• Work to be completed: Retype each entry exactly. Skip any pictures.

• Dataset extract:
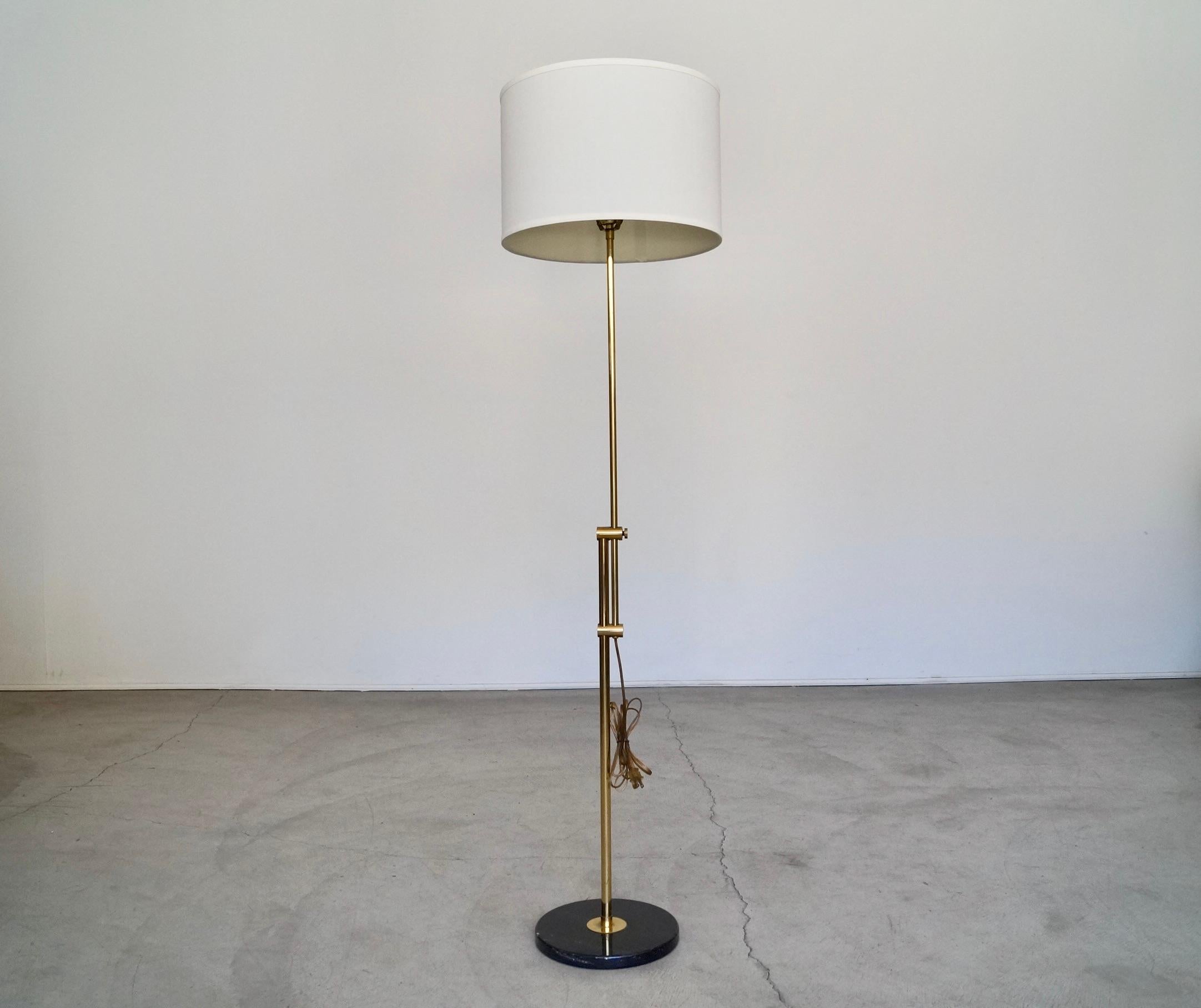 American 1960's Mid-Century Modern Brass & Marble Adjustable Floor Lamp For Sale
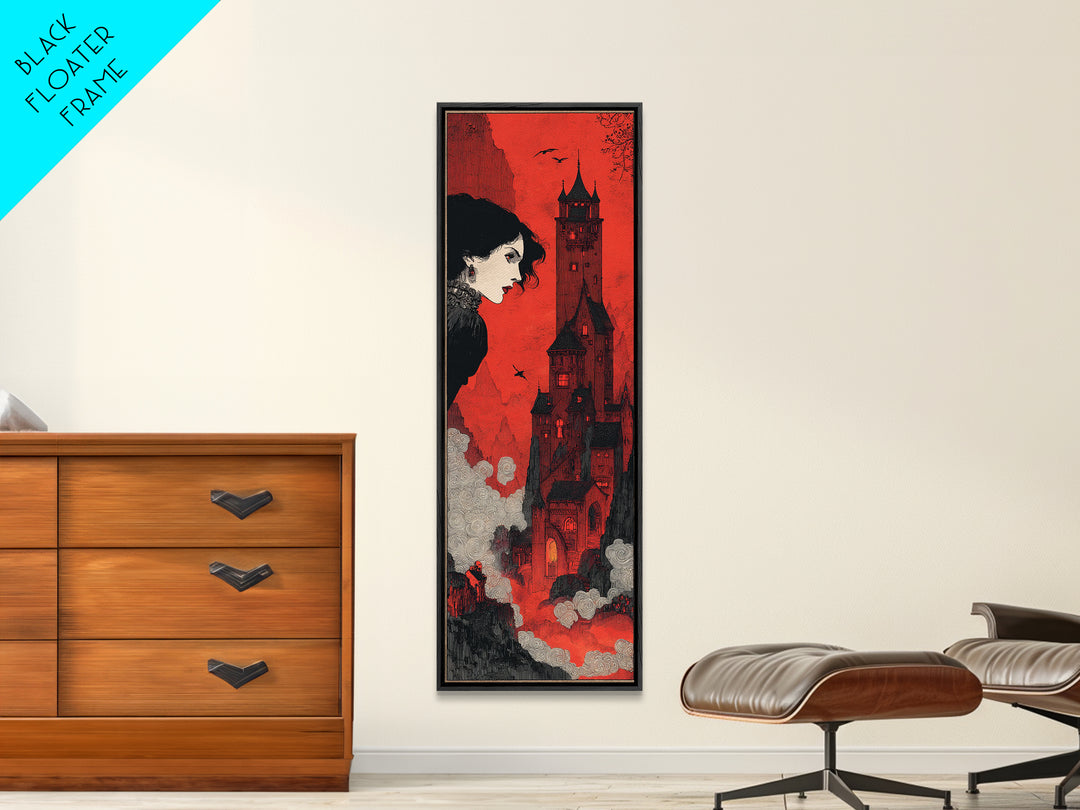 The Vampire Castle, Decadent Line Art, Tall Narrow Wall Art, Gothic Horror Wall Art, Framed Canvas Print, Halloween Wall Art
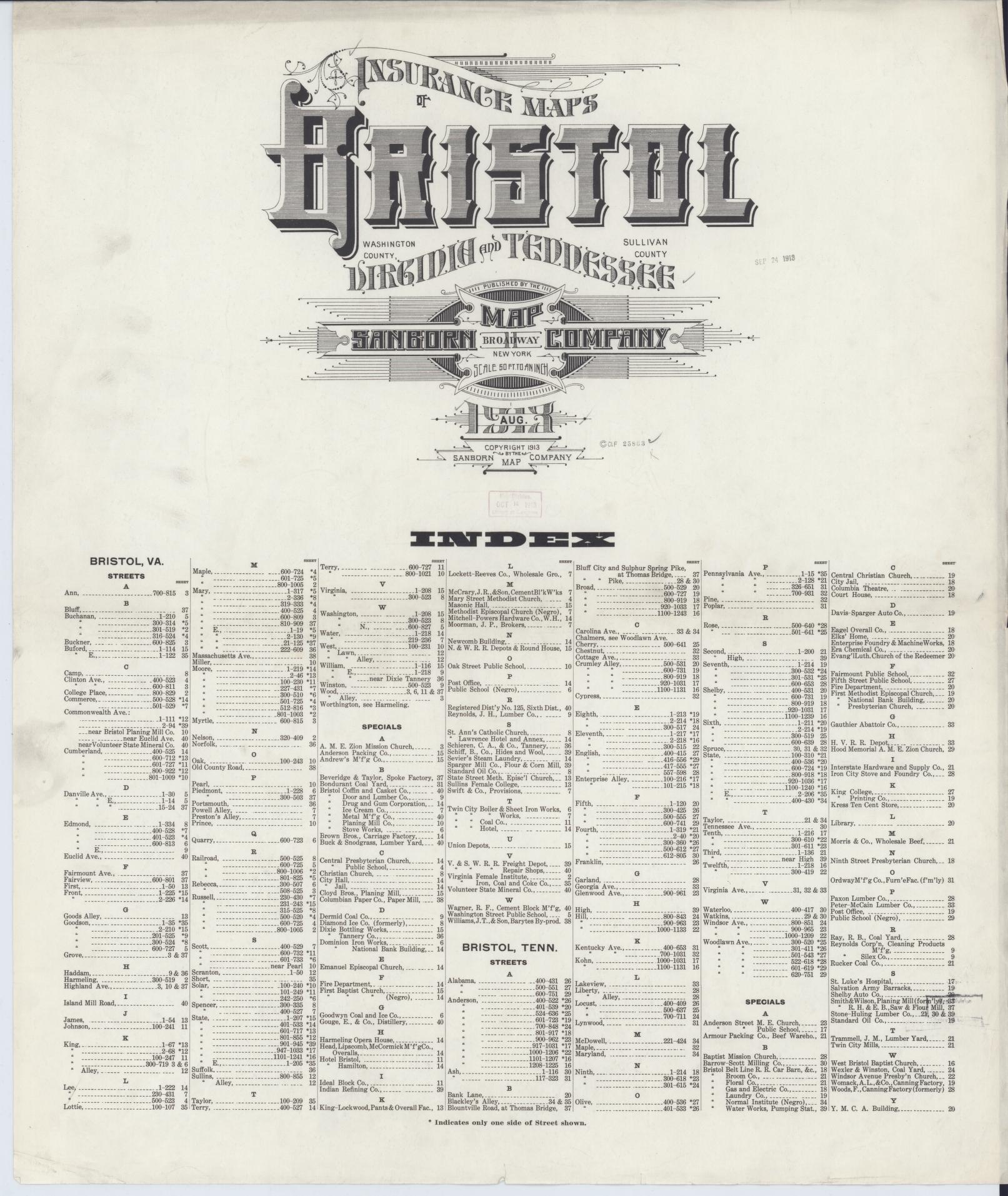 Sanborn Fire Insurance Map from Bristol, Sullivan County, Tennessee. (1913) – Historic Sanborn Fire Insurance Map Print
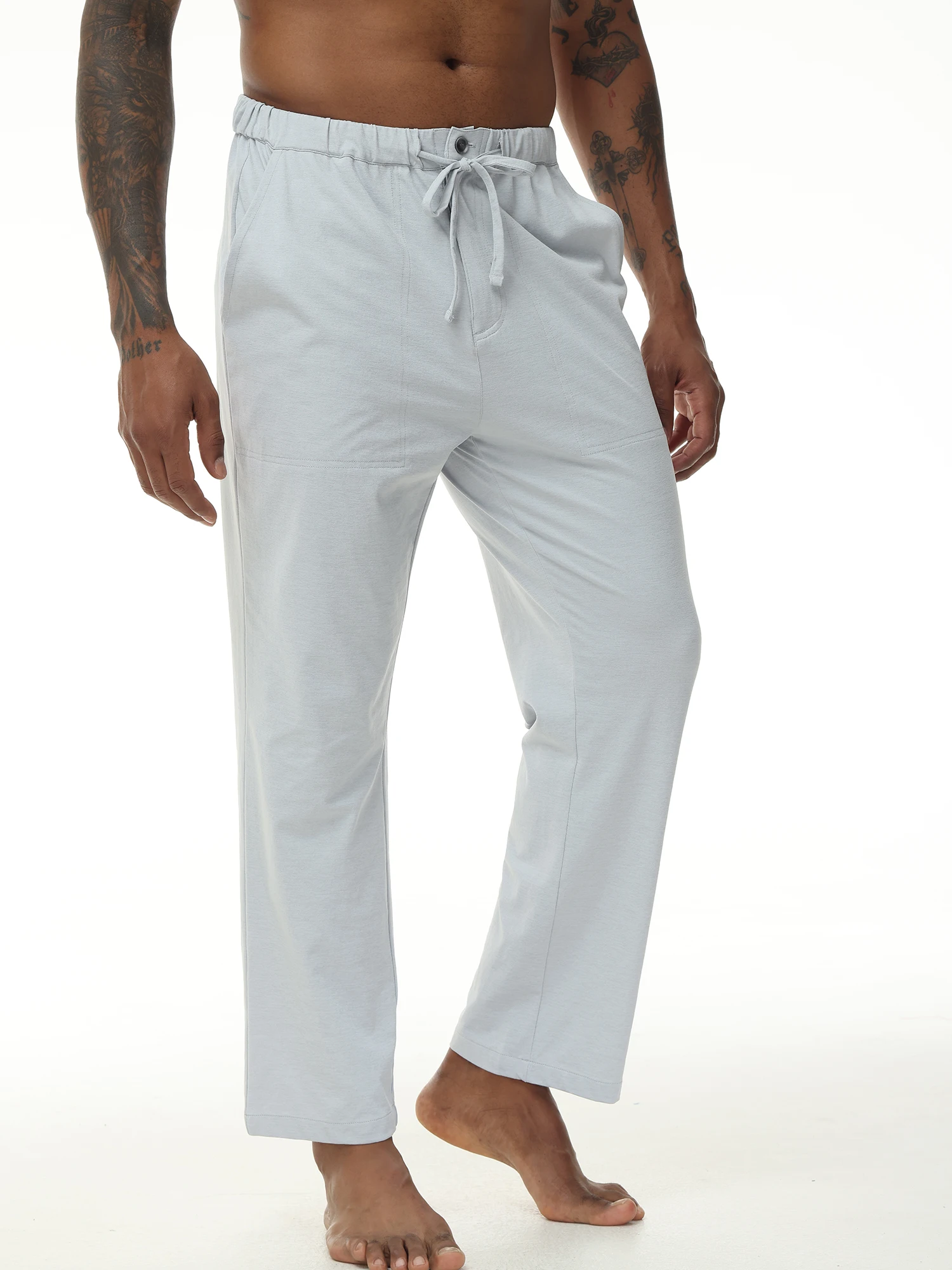 Men's Casual Linen Cotton Yoga Pants Breathable Loose Sweatpants Beach Trousers Lounge Pants Elastic Waist Fitness Pants - Image 5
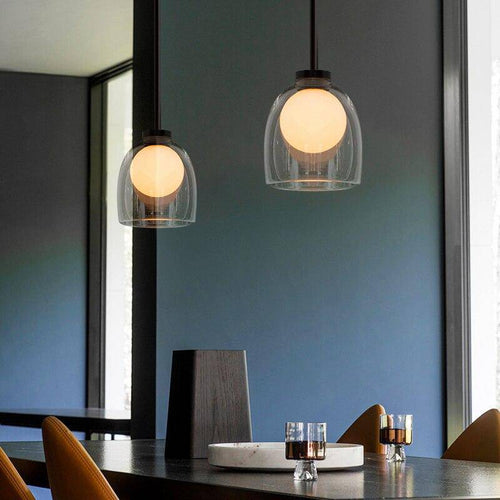 Suspension design en verre fumé avec boule intérieur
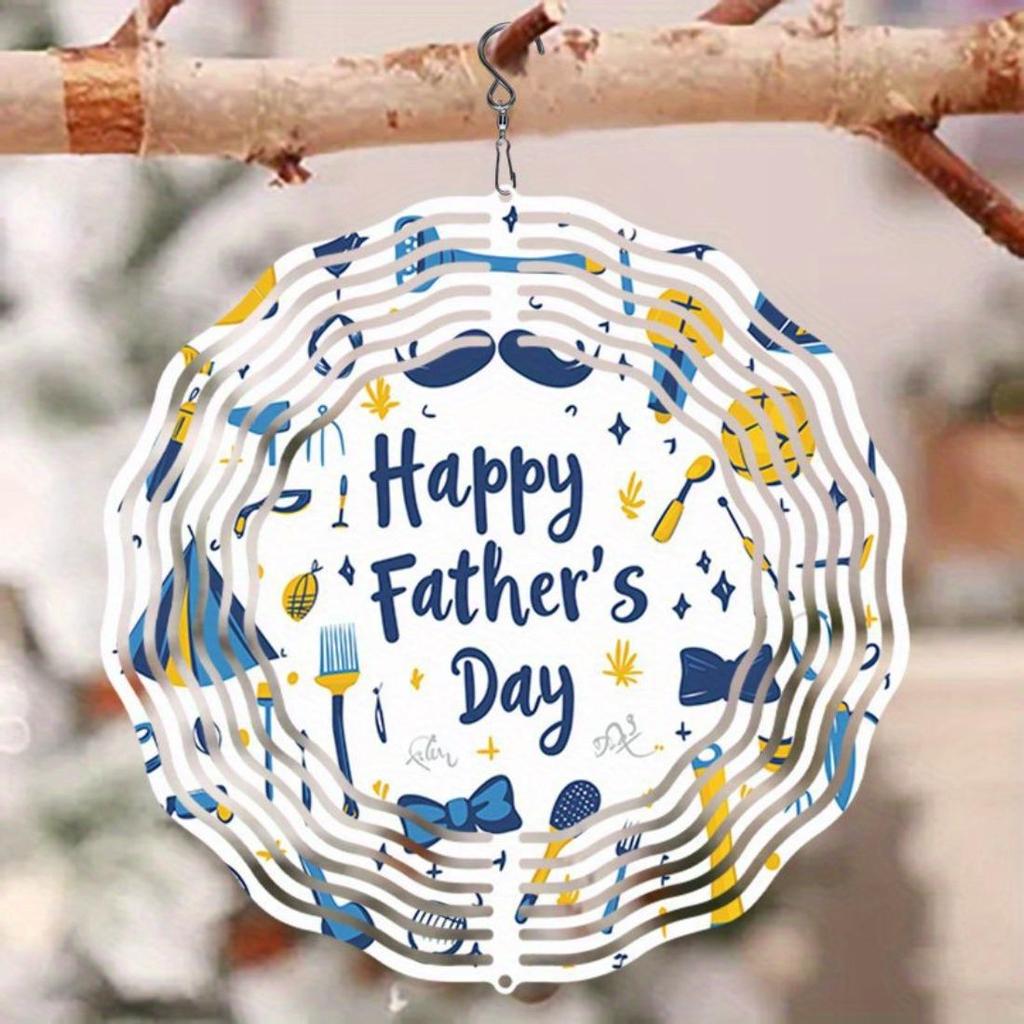 1pc 3D Mandala Spinner Wind Chime - Happy Father's Day Metal Wind Catcher with Vibrant Floral & Tools Design, Battery-Free Hanging Decor for Garden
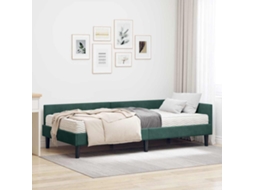 Vidaxl Estrutura De Cama De Canto Com Colchão 2 Unid. Verde Veludo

• Exercise answer:
 American 1960's Mid-Century Modern Brass & Marble Adjustable Floor Lamp For Sale
 The Vampire Castle, Decadent Line Art, Tall Narrow Wall Art, Gothic Horror Wall Art, Framed Canvas Print, Halloween Wall Art
 Sanborn Fire Insurance Map from Bristol, Sullivan County, Tennessee. (1913) – Historic Sanborn Fire Insurance Map Print
 Men's Casual Linen Cotton Yoga Pants Breathable Loose Sweatpants Beach Trousers Lounge Pants Elastic Waist Fitness Pants - Image 5
 Suspension design en verre fumé avec boule intérieur
 1pc 3D Mandala Spinner Wind Chime - Happy Father's Day Metal Wind Catcher with Vibrant Floral & Tools Design, Battery-Free Hanging Decor for Garden
 Vidaxl Estrutura De Cama De Canto Com Colchão 2 Unid. Verde Veludo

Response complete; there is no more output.